Clearly this isn’t what we really want to happen, because if the second argument to or were a more complicated expression because it would waste a lot of time and processing power just to return an already evaluated True.

So how can we fix this? In my implementation there is one operator that already performs a sort of short-circuiting, the if expression. Consider the following code:

(let (x 1) (if (= x 1) (print (+ x 1)) (print (- x 1))))

This expression just prints: 2. So how is short circuiting handled here, but not in the case of the “and” and “or” operators. The answer is that binary operations and if expressions are handled entirely differently by the CEK machine that evaluates expressions. In the case of is expressions it intentionally leaves code for the true and false branches unevaluated until after the condition has been evaluated, the way that this happens by building continuations is not important to understand why it behaves differently from the binary operations. In the case of binary operators such as “and” and “or”, all arguments are evaluated before the operation is applied, thus there is no opportunity for short-circuiting to occur.
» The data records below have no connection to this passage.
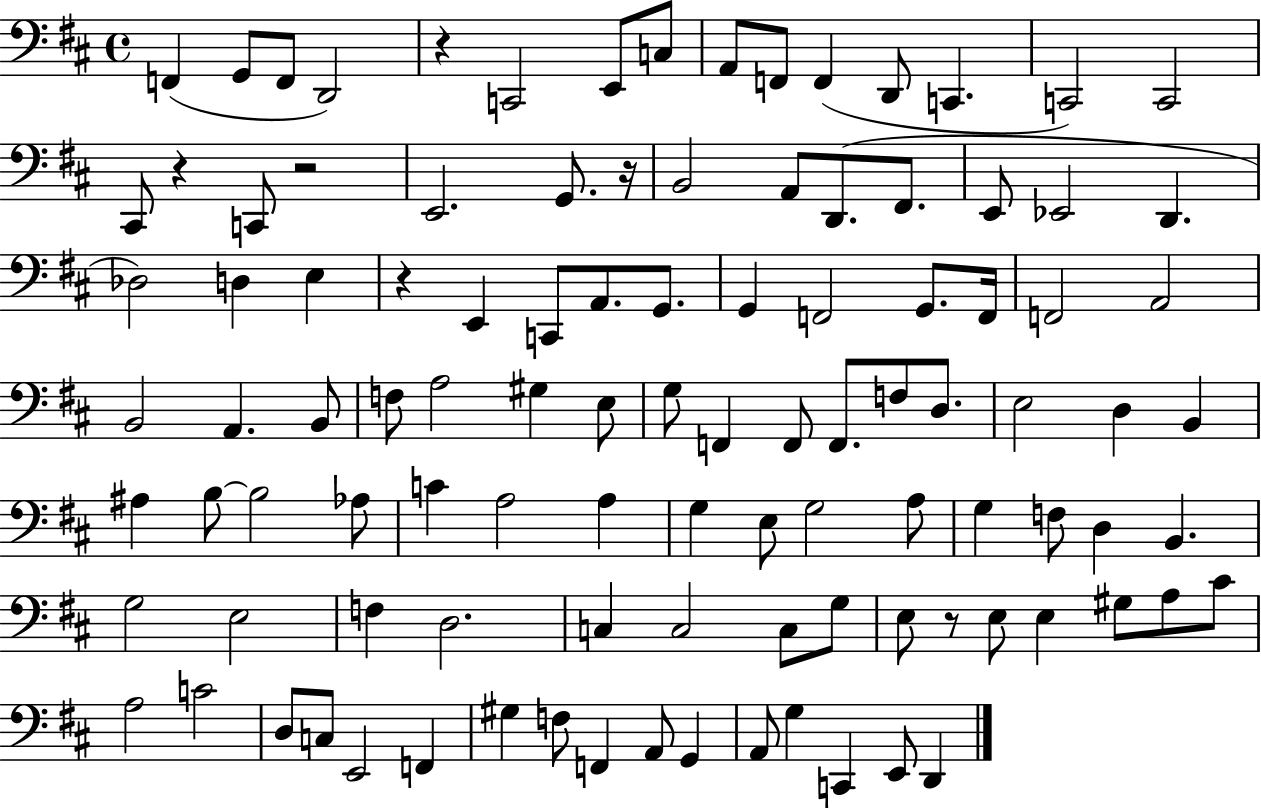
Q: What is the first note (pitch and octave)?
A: F2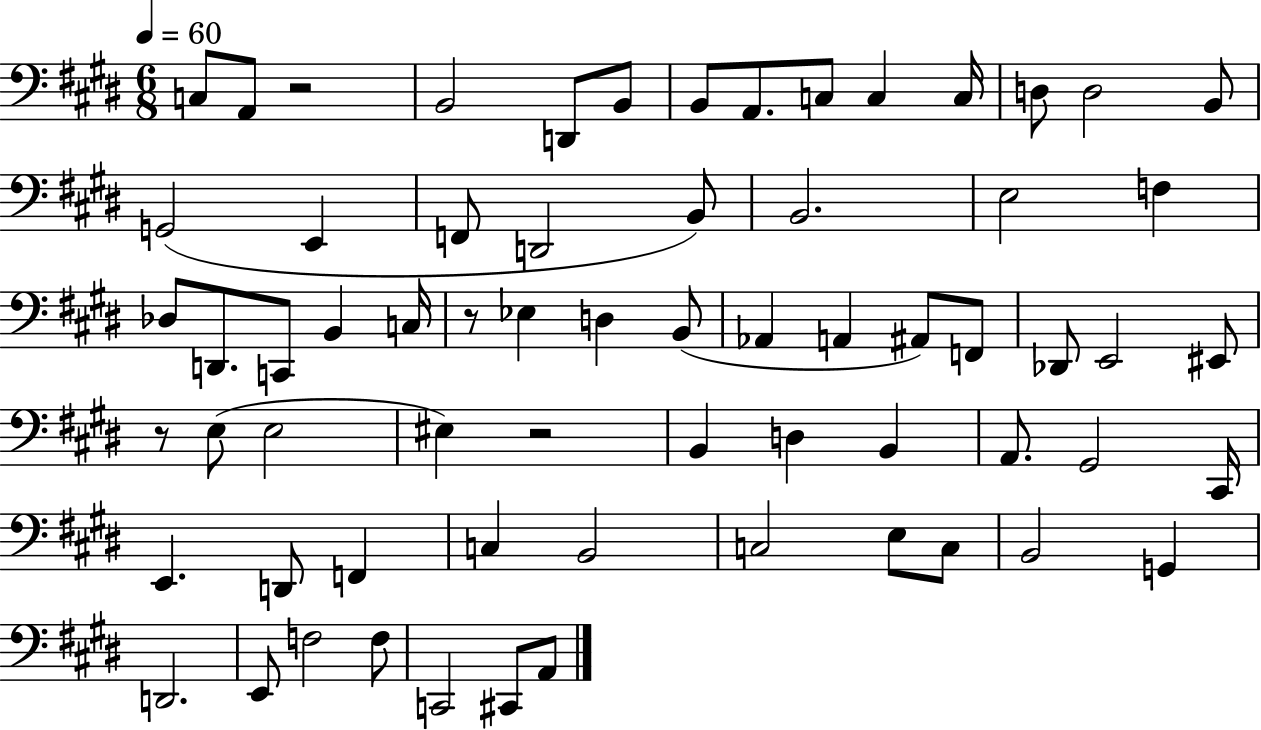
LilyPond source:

{
  \clef bass
  \numericTimeSignature
  \time 6/8
  \key e \major
  \tempo 4 = 60
  \repeat volta 2 { c8 a,8 r2 | b,2 d,8 b,8 | b,8 a,8. c8 c4 c16 | d8 d2 b,8 | \break g,2( e,4 | f,8 d,2 b,8) | b,2. | e2 f4 | \break des8 d,8. c,8 b,4 c16 | r8 ees4 d4 b,8( | aes,4 a,4 ais,8) f,8 | des,8 e,2 eis,8 | \break r8 e8( e2 | eis4) r2 | b,4 d4 b,4 | a,8. gis,2 cis,16 | \break e,4. d,8 f,4 | c4 b,2 | c2 e8 c8 | b,2 g,4 | \break d,2. | e,8 f2 f8 | c,2 cis,8 a,8 | } \bar "|."
}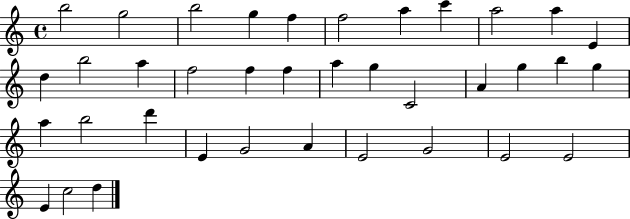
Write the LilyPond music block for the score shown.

{
  \clef treble
  \time 4/4
  \defaultTimeSignature
  \key c \major
  b''2 g''2 | b''2 g''4 f''4 | f''2 a''4 c'''4 | a''2 a''4 e'4 | \break d''4 b''2 a''4 | f''2 f''4 f''4 | a''4 g''4 c'2 | a'4 g''4 b''4 g''4 | \break a''4 b''2 d'''4 | e'4 g'2 a'4 | e'2 g'2 | e'2 e'2 | \break e'4 c''2 d''4 | \bar "|."
}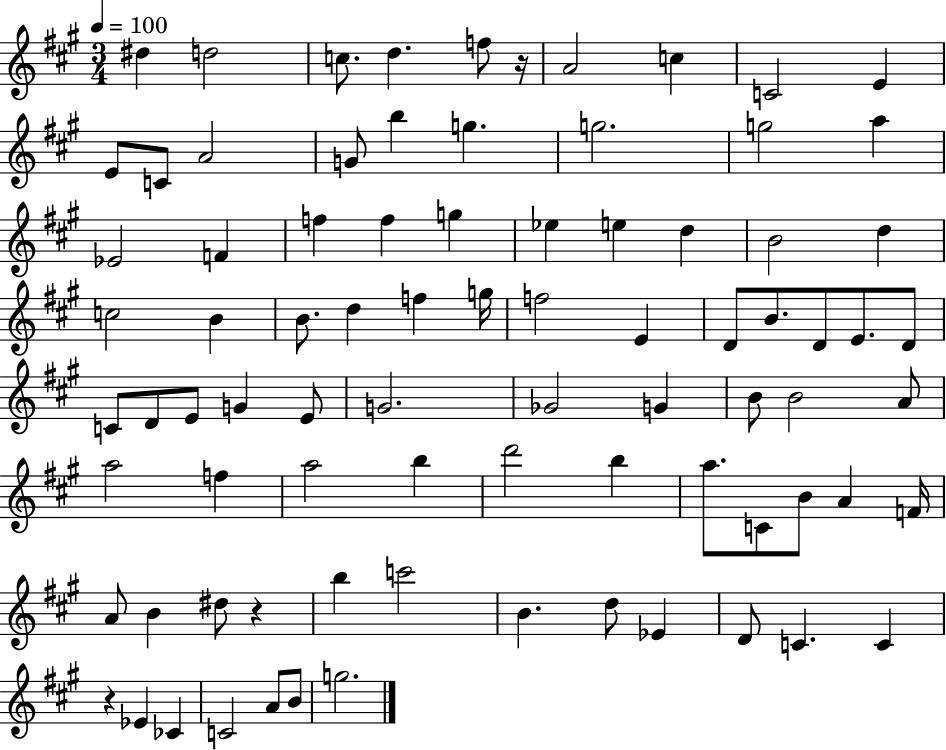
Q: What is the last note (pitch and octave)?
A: G5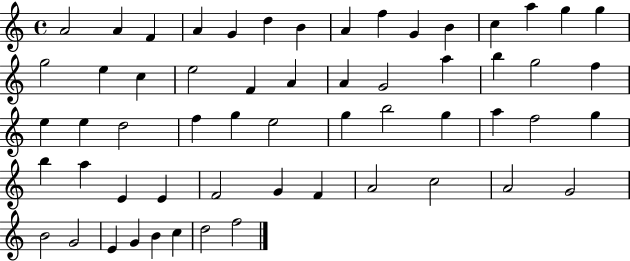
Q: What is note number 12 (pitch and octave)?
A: C5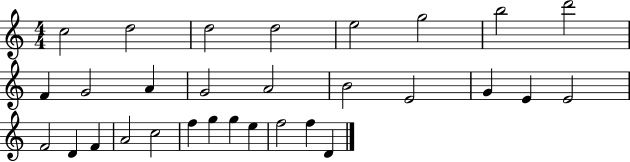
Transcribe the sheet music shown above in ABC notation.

How can we fix this? Desugaring. In many lisp or scheme like languages “or” and “and” are implemented as macros in order to deal with this short circuit evaluation, so how can a similar thing be done in our small extension of the lambda calculus.

Well we already have an if expression which can perform short circuit evaluation so consider the similarities between the following two snippets of code:

;; example with or (let (x 1) (or (= x 1) (= x 2))) ;; short-circuiting with if (let (x 1) (if (= x 1) (= x 1) (= x 2)))

Well that’s a little better, now the (= x 2) expression isn’t evaluated unless (= x 1) turns out to be false, but this still has a problem we evaluate the (= x 1) expression twice which is still wasteful.

We can fix that extra step of evaluation if we pull out the expression into a let so putting everything we’ve done so far together we finally have the following:

;; or desugaring (or x y) ---> (let (z x) (if z z y)) ;; and desugaring (and x y) ---> (let (z x) (if z y z))

Taking this one step further, the core language implemented in my talk did not include let expressions, they were desugared in applications of lambda abstractions, so the final desugaring of these expressions will actually be

;; desugared or (or x y) ---> ((lambda z (if z z y)) x) ;; desugared and (and x y) ---> ((lambda z (if z y z)) x)

Thus as long as we have if expressions that correctly defer the evaluation of their arguments, then we can easily define the “or” and “and” operations without needing them to be built in as binary operations.